Zimbabwe: Infighting Threatens Zimbabwe's Main Opposition Party

Photo: IRIN
MDC's Morgan Tsvangirai.

Zimbabwe's main opposition party MDC is facing a crisis. It failed to end President Mugabe's long-time grip on power when it was defeated in the last election. Now infighting has effectively split the party.

One year ago Zimbabwe's most important opposition party was still part of the government, in a power-sharing arrangement with Robert Mugabe's ZANU-PF. Today the Movement for Democratic Change (MDC) is threatening to disintegrate. Quarreling factions within the party have now taken the gloves off: Last weekend a group affiliated with Secretary-General Tendai Biti announced that Morgan Tsvangirai, the party's leader and a former prime minister, was being suspended. He was accused of having betrayed the party he had founded.

But Tsvangirai was not about to take this lying down. He rallied his supporters, who on Tuesday (29.04.2014) in turn voted to expel Biti, along with the others who had taken part in the revolt against the party chief. "They have betrayed the people," Tsvangirai said after the vote. "This is a democratic party, but they cannot pretend that they are MDC-T, because they are not."

As MDC leaders Tendai Biti  and Morgan Tsvangirai  quarrel, the party heads for a split

Important counterweight to long-time ruler Mugabe

Tsvangirai, a former union leader, has been at the helm of the party since it was formed 15 years ago. The party quickly attracted numerous supporters and presented the first serious challenge to long-time President Robert Mugabe since he came to power after the country's independence in 1980. Tsvangirai won the first round of the presidential election in 2008, but then withdrew from the run-off after Mugabe supporters brought massive pressure to bear on the opposition and bloody clashes broke out. In the end the adversaries agreed on a power-sharing arrangement between the MDC and Mugabe's Zimbabwe African National Union-Patriotic Front (ZANU-PF). Mugabe held on to the presidency, Tsvangirai became prime minister and Tendai Biti became the country's finance minister. In the next elections in July 2013, however, the MDC was defeated so resoundingly that Mugabe now rules alone once again.

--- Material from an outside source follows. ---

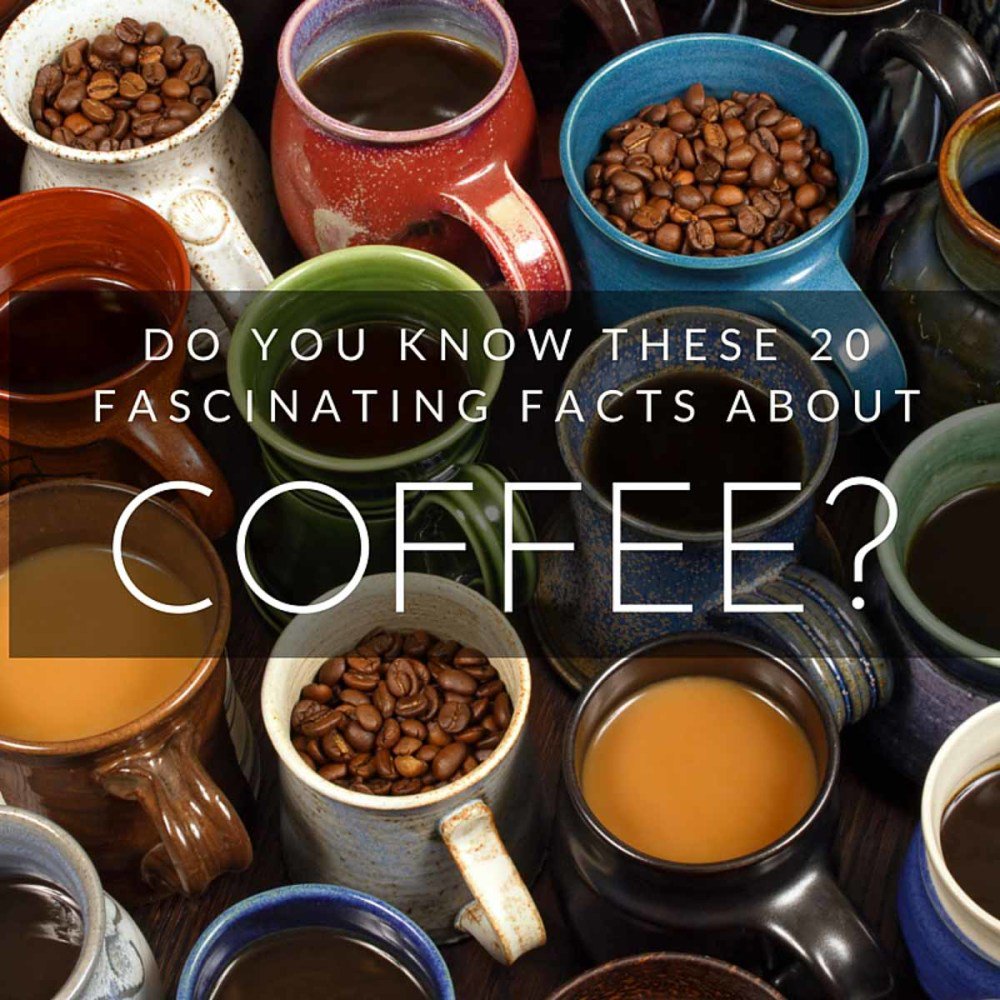 MonkeysMtnsHike's tweet image. Do You Know These 20 Fascinating Facts About #Coffee? bit.ly/QeJbwM #espresso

Although many continue to doubt that those elections were free and fair, Tsvangirai had to shoulder the blame for the defeat. His detractors are alleging that during his years in power, Tsvangirai had strayed from the values of the party and adopted some of his opponent's controversial ways of doing things. "It's a question of whether you are adhering to the principles and values of the political party that you stand for," Charles Mangungera, a spokesman for the critics in Tsvangirai's party told DW. "The MDC was founded on the values of democracy, non-violence, respect for divergent opinion," he added. Many in the party feel that these values have been betrayed by its chairman.

Envy and political intrigues

Some have voiced the suspicion that President Mugabe is exacerbating differences within the MDC

That the years in government (from 2008 to 2013) were not easy for the MDC is beyond dispute, according to Peter Ripken, a German expert on Zimbabwe. Ripken, who once headed the Southern Africa Information Center (Informationsstelle südliches Afrika), a German society providing information resources on Southern Africa, has been to Zimbabwe often and knows many of the country's opposition politicians.

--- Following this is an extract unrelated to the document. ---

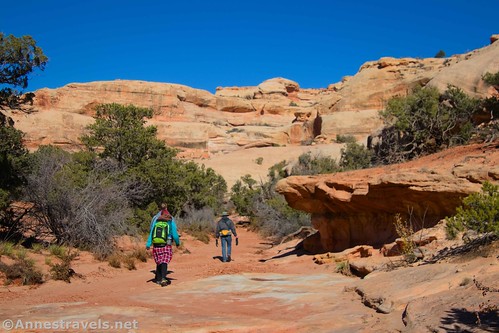 Hiking upcanyon near the Fins Trail, Maze District of Canyonlands National Park, Utah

Ripken told DW that while Tsvangirai was a member of the government, Mugabe "vigorously blocked him over and over again and kept him in check," so that Tsvangirai was hardly able to do his job. On top of that came Tsvangirai's envy of two ministers from his own party. One of them was Tendai Biti, whom Tsvangirai has now sacked. "Tsvangirai couldn't stomach that the two ministers, who also occasionally criticized him within his party, were more successful than he was," Ripken said.

But there are also those who suspect that Mugabe, Zimabwe's 90-year-old ruler, is behind the current dispute within the opposition party. According to Ripken, there is a rumor circulating that Mugabe himself had encouraged Tsvangirai's critics. The reason could be that Tsvangirai has already threatened Mugabe's grip on power in several elections. Tsvangirai has a lot of supporters in the country. "Mugabe probably still thinks that whoever will succeed him as a candidate in a future presidential election doesn't really stand a chance against Tsvangirai," Ripken said. Although the time is ripe, Mugabe and his party have not yet determined who that successor will be.

'A disaster for Zimbabwe'

What the MDC will look like at that point is unclear. Many observers think a split can now hardly be averted. Defeating Mugabe's powerful ZANU-PF in the next election, however, would require a strong alliance.

All the same, these latest developments are no cause for the ruling party to rejoice, Zimbabwean analyst Ibbo Mandaza says. "They must be concerned that the opposition is about to collapse," he told DW, adding that if the MDC fell apart, it would be a disaster for the country, as people would become desperate. So far people had seen the MDC as an alternative to the ruling party, Mandaza said, warning that "social unrest can be a reality."